Teachers are asked to encourage this year’s participating students to focus their essays on the changing face of farming and the U.S. economy as it relates to ethanol, biodiesel and energy issues.
In 2005, nearly 1,200 entries in the nationwide Ag Day Essay Contest focused on the theme “Keep America Bountiful.” Expectations are even higher for 2006.
This year’s national winner will receive a $1,000 prize and a roundtrip ticket to Washington, D.C., to be recognized during the March 20 Ag Day Luncheon held at the National Press Club. At the luncheon, the winning essayist will have the opportunity to join with industry representatives, members of Congress, federal agency representatives, media and other friends in a celebration of agriculture. Statewide winners of the contest will also be selected. Each will receive a $100 prize.
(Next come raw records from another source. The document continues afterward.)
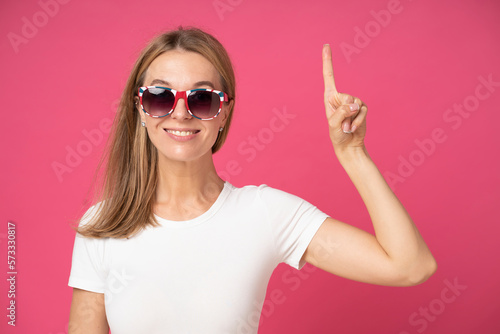 Beautiful young woman wearing casual clothes and glasses pointing finger up with successful idea. exited and happy. number one. Pretty young girl in white t-shirt gesturing up with finger on pink wall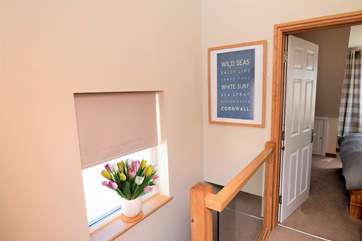 The stairwell allows light to flood the property.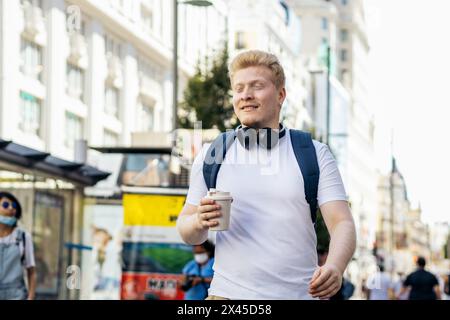 Young Latino man who is albino walking down the city street listening to music with headphones on a summer morning. He wears white clothes and a blue Stock Photo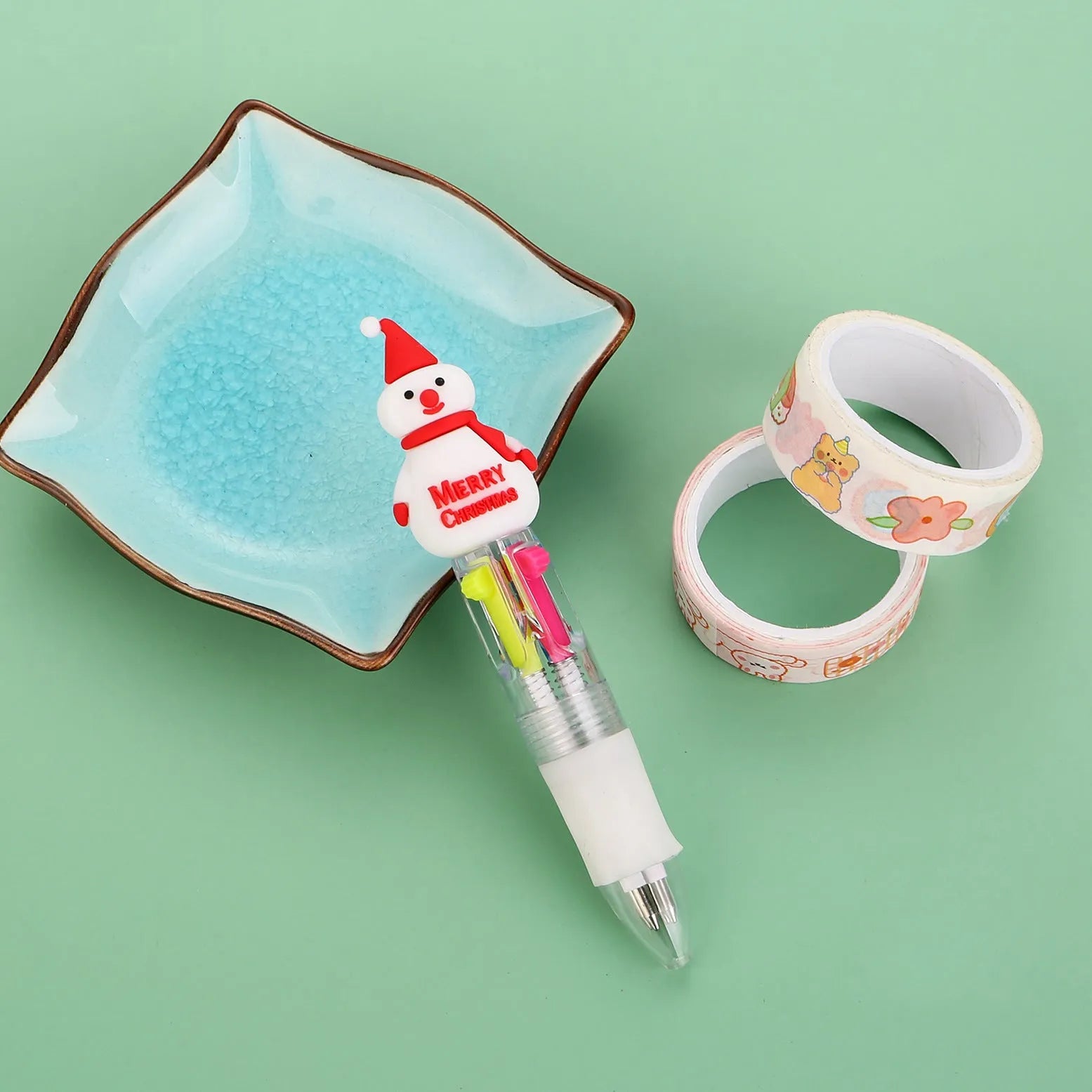 Christmas-themed ballpoint pen with press button, showing designs of snowmen, reindeer, and trees on plastic barrel.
This is the 33rd anniversary of National Ag Day. The goal of the ACA is to provide a spotlight on the agriculture, food and fiber industry the first of each spring (National Ag Day), to help consumers understand not only how food and fiber products are produced, but to celebrate accomplishments in providing safe, abundant and affordable products.
All entries should be sent to: Ag Day Essay Contest (MC), 1201 NW Briarcliff Pkwy., Ste. 200, Kansas City, MO 64116, or firstname.lastname@example.org.
The Ag Day Essay Contest is sponsored by: DuPont, Case IH, The Council for Agricultural Science & Technology, High Plains Journal, National Association of Farm Broadcasters and National Agri-Marketing Association.
“Participating sponsors are once again proud to be a part of this important celebration of agriculture,” said Mike Ricciuto, DuPont Crop Protection global communications director. “Now, more than ever, it’s important to recognize the essential role of agriculture in maintaining a strong economy.”